Safe harbors open for Valley evacuees

Sonoma Valley High, Vet's Building, other area schools serving as evacuation centers|

An estimated 400 to 500 people were already at Sonoma Valley High School by 10 a.m. Monday and more were coming in all the time.

The high school on Broadway and Ramekins Culinary School, on West Spain Street, were being used as evacuation centers for Valley residents escaping the flames.

Evacuees at the high school had plenty of room. Tables and chairs were set up in Golton Hall, Pfeiffer Gym and the multi-purpose room. There were large-screen TVs set up in both the gym and the multi-purpose room carrying the latest news on the conflagration.

The high school was also pet friendly as there were numerous leashed dogs wandering around the gym with their humans.

There was plenty of food and water, and sandwiches were being served in the multi-purpose room. Outside the gym, employees of Cochon Volant BBQ parked the company's food truck and were cooking up a storm, serving pulled pork to a long line of evacuees.

The high school was opened at about 4:30 a.m. Monday and was being staffed by at least 20 volunteers wearing yellow lanyards so they could be seen.

Nicole Ducarroz, who's also a school board member, was one of the volunteers. She and her family fled their Glen Ellen home at about 3 a.m.
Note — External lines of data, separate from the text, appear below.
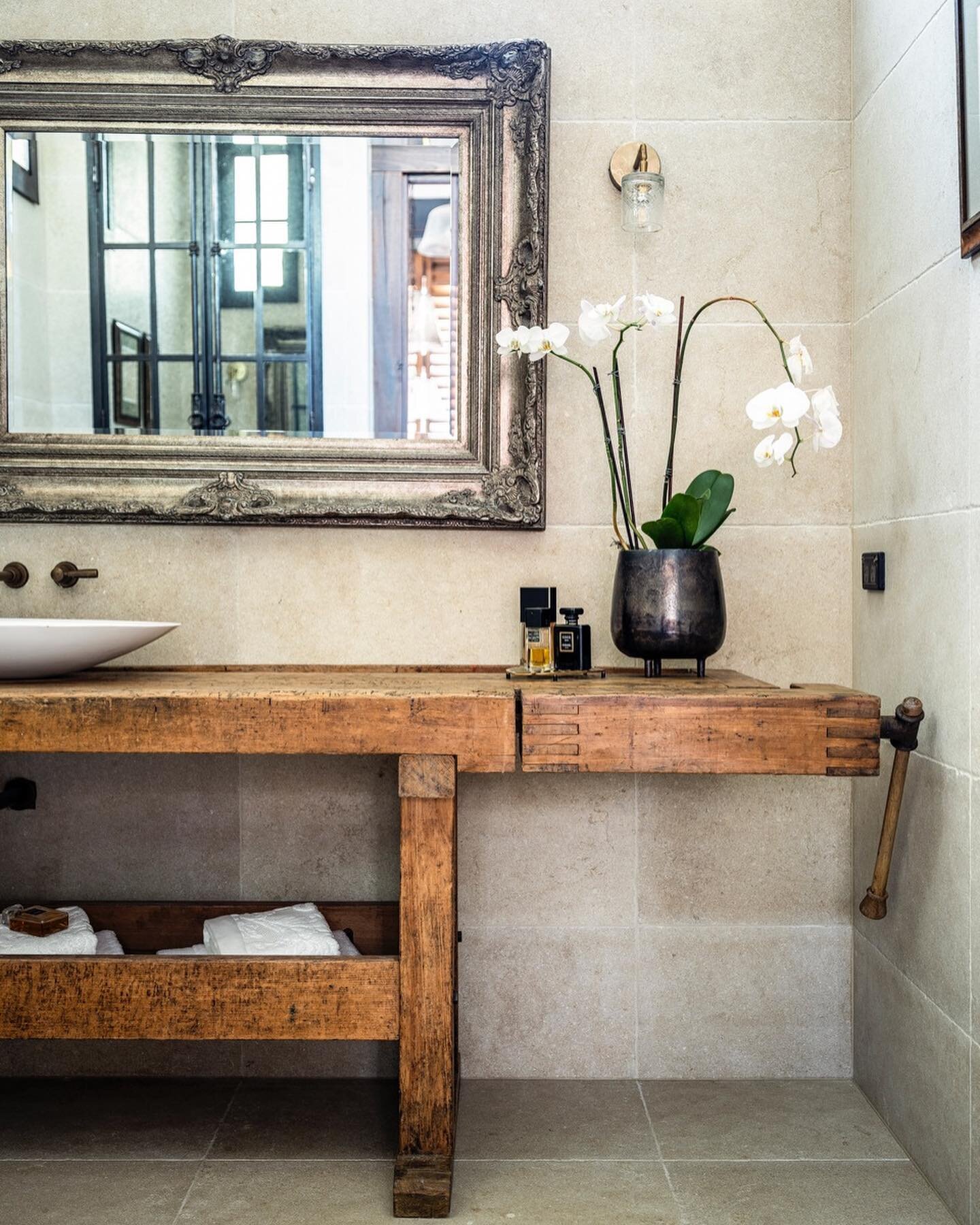 W A R E H O U S E &bull; We transformed an antique French carpenters workbench into a bespoke bathroom vanity for the powder room. Neutral tones and textures of Italian limestone with weathered brass tapware from @brodware Australia. Limestone @surfa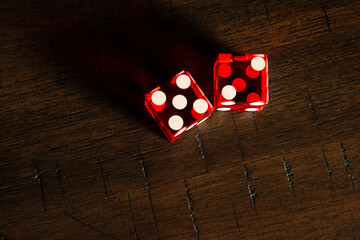 Professional casino-style red dice on a wooden table.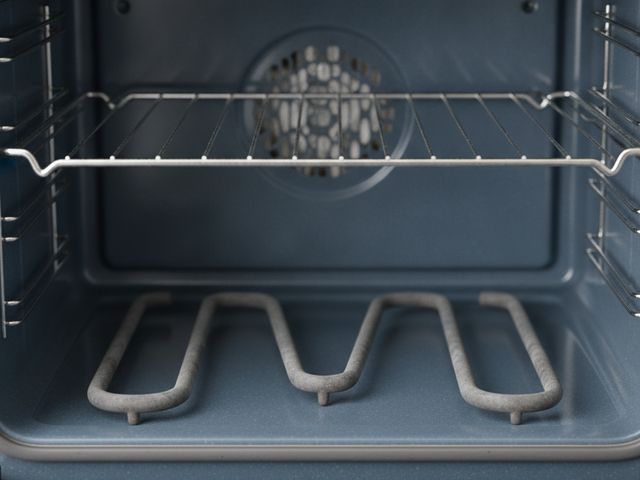 The bake element along the floor of an open electric oven, below a rack
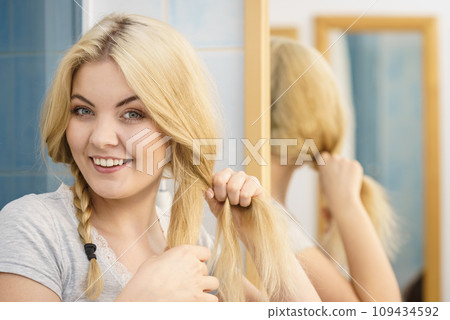 Woman making braid on blonde hair 109434592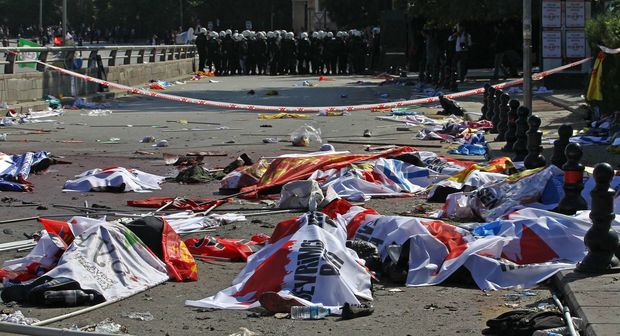 Turkish riot police forces secure the site of twin explosions. Victims' bodies are covered with banners and flags, Ankara, October 10, 2015.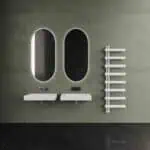 Minimalist bathroom with sleek mirrors and modern sinks for contemporary interior design.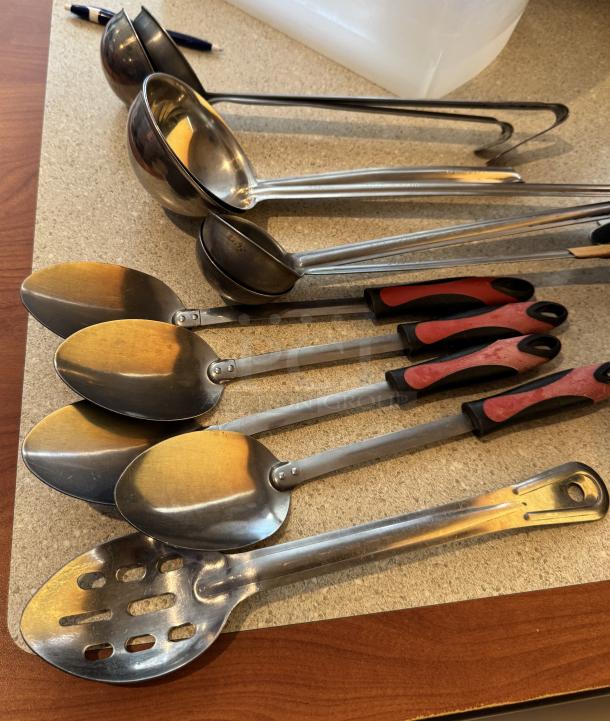 Assorted kitchen spoons and ladles, stainless steel and plastic, 11 pieces. Features variety in size and handle design.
“I started packing at about 1 a.m.,” she said. They first went to her late mother's condo, but ended up in the parking lot at Lucky before making her way to the high school.

Sonoma Planning Director David Goodison said the biggest need was cots, especially at the Sonoma Valley Veterans Memorial Building where he said they had evacuated some the residents of Sonoma Developmental Center.

Bonnie Alonso left her home on Warm Springs Road at about 1 a.m. with her pooch, Charley. She was sitting in the gymnasium, fearful, not knowing if she had a house to go back to.

Michael Brady and his 6-year-old son, Sean, are Springs residents. They evacuated when Brady's wife, who works at Hanna Boys Center, left to help with the Hanna evacuation.

Another Glen Ellen resident, David Bolling, said he drove out Warm Springs Road before he evacuated with his wife, daughter, car and hamster.

Bolling said that from Arnold Drive to around the Olea B&B – about three-quarters of a mile, there was nothing left on either side of the road.

“It was almost like a nuclear bomb – it just eliminated everything,” said Bolling.

At Ramekins, B.J. Blanchard, a Glen Ellen resident who evacuated at about 3 a.m. – along with what she figured was most of the town – said there was about 50 people at the facility.

“We collected our passports, birth certificates and dog,” she said. She and her husband fled toward Sonoma stopping at Madrone Road to see the orange sky in the Kenwood area. “We tried to go back to see what was left, but we couldn't get by the barriers on Highway 12 and Madrone,” she said.

As with the high school, there are plenty of dogs and cats with their owners.

Nick Brown, who lives off Dunbar Road was awakened at around 1:30 a.m. When he saw a dozer go by, he decided it was time to evacuate, and he managed to get out just as the wall of flames reached his house.

Marge Everedge, another Glen Ellen resident who has lived at the base of Warm Springs Road since the 1950s, knew that flames raced through her property. “I have the only thing I really need,” she said, gazing at Archie Horton.

And Renee, who declined to give her last name, lives at the top of High Road, and since there's only one way out, she decided to evacuate.

“Victoria Campbell, Ramekins manager, got in around 3 a.m. and we had a hot breakfast and a hot lunch,” Blanchard said. “They had signs on the door inviting people to come in,” a touch Blanchard appreciated when she showed up at 3 a.m.

“There are a few tears,” she said. “But everybody's calm.”

BJ Blanchard contributed to the story.